Or he/she has some knowledge of a subject that narrows the field of suspects. Scientist/doctor/archaeologist... court recorder (sorry, couldn't resist)

Elizabeth said...

If someone has a pacemaker, s/he must stay away from electrical power tools & anything that creates a large magnetic field, such as leaning over a car engine that is running. Electric or gas lawnmowers are a no-no, might be O.K. to ride on a lawn tractor. Power tools that run off of compressed air are O.K.

Jody E. Lebel said...

@ Chris. Okay, good ones. I will add 'suffering an injury during the commission of the crime that incriminates him'.

And: Specific field of knowledge. For example perhaps only a court reporter would know how to read a steno note that another court reporter wrote before she was bludgeoned to death with the judge's gavel.

Jody E. Lebel said...

@ Elizabeth. Tell me how the police know he's the killer because he has a pace maker.

Elizabeth said...

Someone with a pacemaker obviously could be a criminal, but would be much _less_ likely to commit certain types of crimes or to use certain methods. My husband has a pacemaker & occasionally uses an electric drill for a few minutes here & there until I tell him not to do that!

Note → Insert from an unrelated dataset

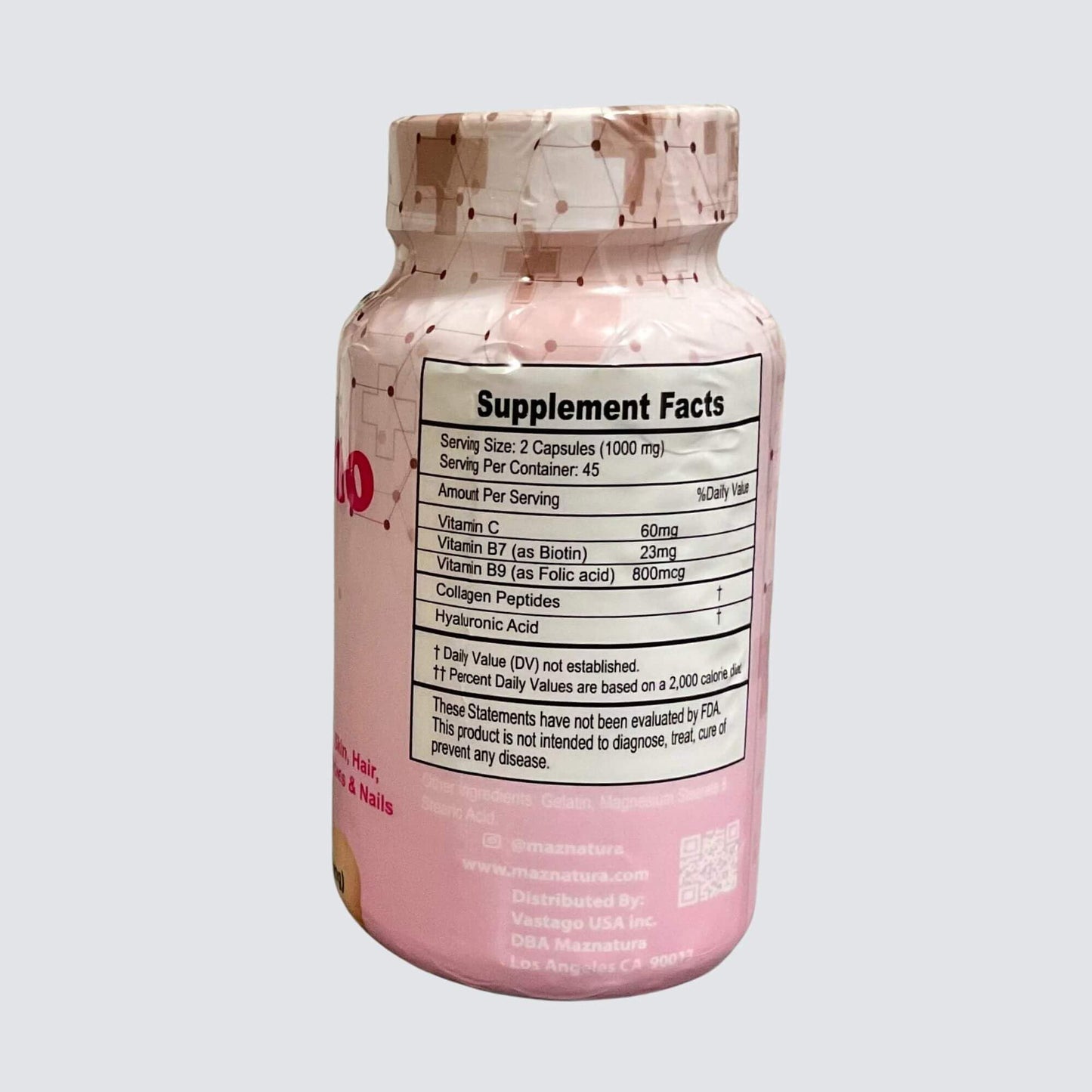 Generic Hyaluronic Acid, Collagen, Biotin Caplets 90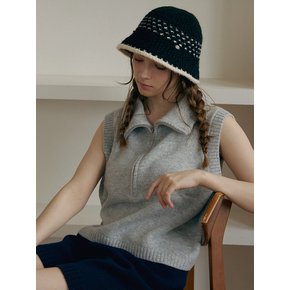Line knit bucket hat_4color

I like your clue about the steno notes ... I actually do know how to read them, because I used to work in court reporting years ago. Please don't name a suspect after me in a case where that knowledge would give me away!

Jody E. Lebel said...

@ Elizabeth. Oh, I get it. We can eliminate the pace maker guy as one of the suspects. Very clever. Not a clue everyone will pick up on right away. I think you should use that one.

I didn't know you were a steno... :) Did you do criminal work? I'm going to include the steno notes clue in my next mystery story... I like that clue too.

Elizabeth said...

Hi Jody, no, I used to be a notereader, transcribing other people's work. Even after all these years I remember how to read steno notes & could probably tell whose notes I was reading, if it was anyone I'd ever worked with. It's funny how people's individual styles show up, even in something with as many rules as stenotype.